Ce n’était ni une conférence de presse, ni un point de presse, encore moins un échange comme annoncé. Juste une annonce. A la presse, le
secrétaire général du ministère des Postes et télécommunications, Ebah Ebada Edouard a annoncé la mise en œuvre en Afrique centrale, d’un projet visiblement important : le projet CAB (Central
African Backbone). Il s’agit d’un réseau de télécommunications haut débit à fibre optique. Il va permettre d’interconnecter les pays de la sous-région.
Le projet comporte deux phases. Dans un premier temps, le Cameroun, le Tchad et la République centrafricaine seront interconnectés. Ensuite suivront le Congo-Brazza, le Gabon, la Guinée
équatoriale, la République démocratique du Congo, Sao-Tomé et Principe et peut-être le Niger, le Nigeria et le Soudan.

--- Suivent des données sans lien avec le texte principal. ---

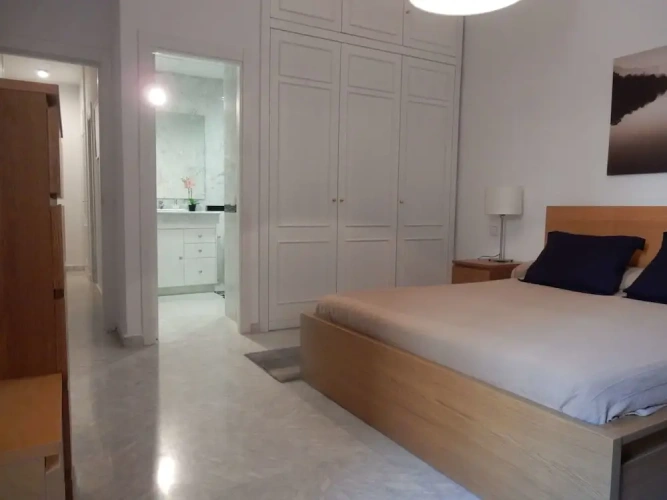 2 Bedrooms Standard Duplex room with balcony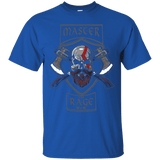 T-Shirts Royal / S Master The Rage T-Shirt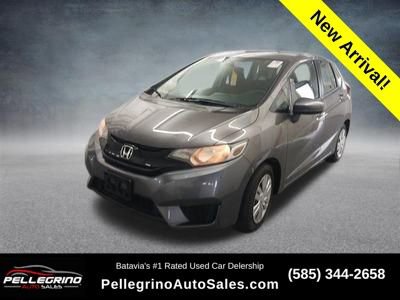 Used 2017 Honda Fit LX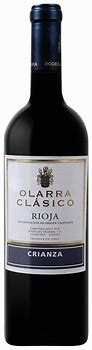 Image result for Olarra Rioja Gran Reserva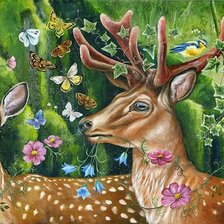 Схема вышивки «№2014043»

L’idée a germé en avril 2007 à N’Djamena lors du sommet des chefs d’Etat de la CEMAC. Ces derniers avaient adopté une déclaration commune sur la mise en œuvre d’un réseau des télécommunications
à haut débit en Afrique centrale. Sur leur instruction, la CEMAC a réalisé l’étude de faisabilité, financée par la Banque mondiale. A terme, le projet CAB favorisera l’accès des pays enclavés
de la sous-région au câble sous-marin à fibre optique SAT-3 à partir de Douala. Autres avantages et non des moindres, le projet CAB aidera à réduire le fossé numérique dans les pays desservis.

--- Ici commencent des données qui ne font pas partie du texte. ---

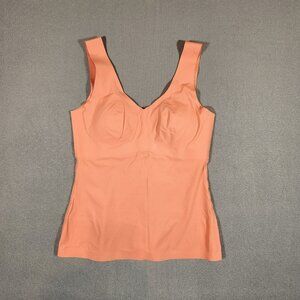 Knix LuxeLift Tank Top Women's Medium, Rosette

Il permettra aussi de faire baisser les coûts des services de TIC qui restent encore trop élévés en Afrique centrale. En 2007, la moyenne mondiale du coût des services était de 21 dollars
contre 43 dollars en Afrique noire. Au Cameroun, cette moyenne se situe autour de 67 dollars.
Concernant la mise en œuvre du projet CAB, le secrétaire général du ministère des Postes et Télécommunications a affirmé que l’étude environnementale et sociale est bouclée. Au niveau du
Cameroun, les consultants devant intervenir sont recrutés, le bâtiment devant abriter le projet est en cours d’aménagement. La Banque africaine de développement s’est impliquée en 2007. Le
projet CAB reste ouvert à d’autres partenaires. La banque mondiale va financer à hauteur de 11 milliards par crédit remboursable.

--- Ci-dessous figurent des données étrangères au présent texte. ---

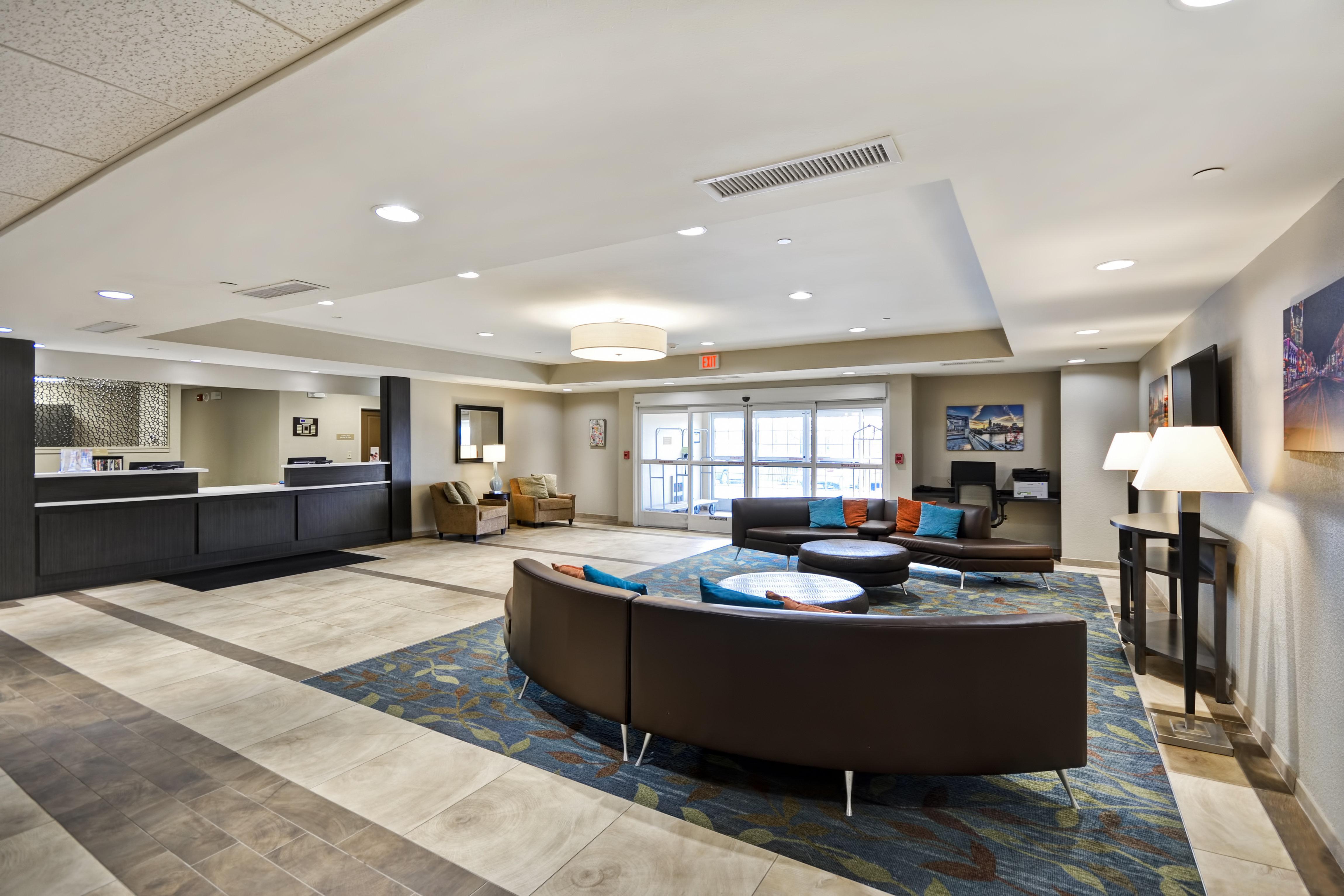 Candlewood Suites Smyrna - Nashville By Ihg Exterior foto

Un échange avec les journalistes aurait pu permettre d’avoir une idée précise sur la coordination avec les autres projets de même nature. Le Cameroun par exemple vient de signer une convention
avec la Chine pour la construction de 3.200 Km supplémentaires de fibre optique. On imagine bien que tout ceci nécessite une synchronisation et une planification.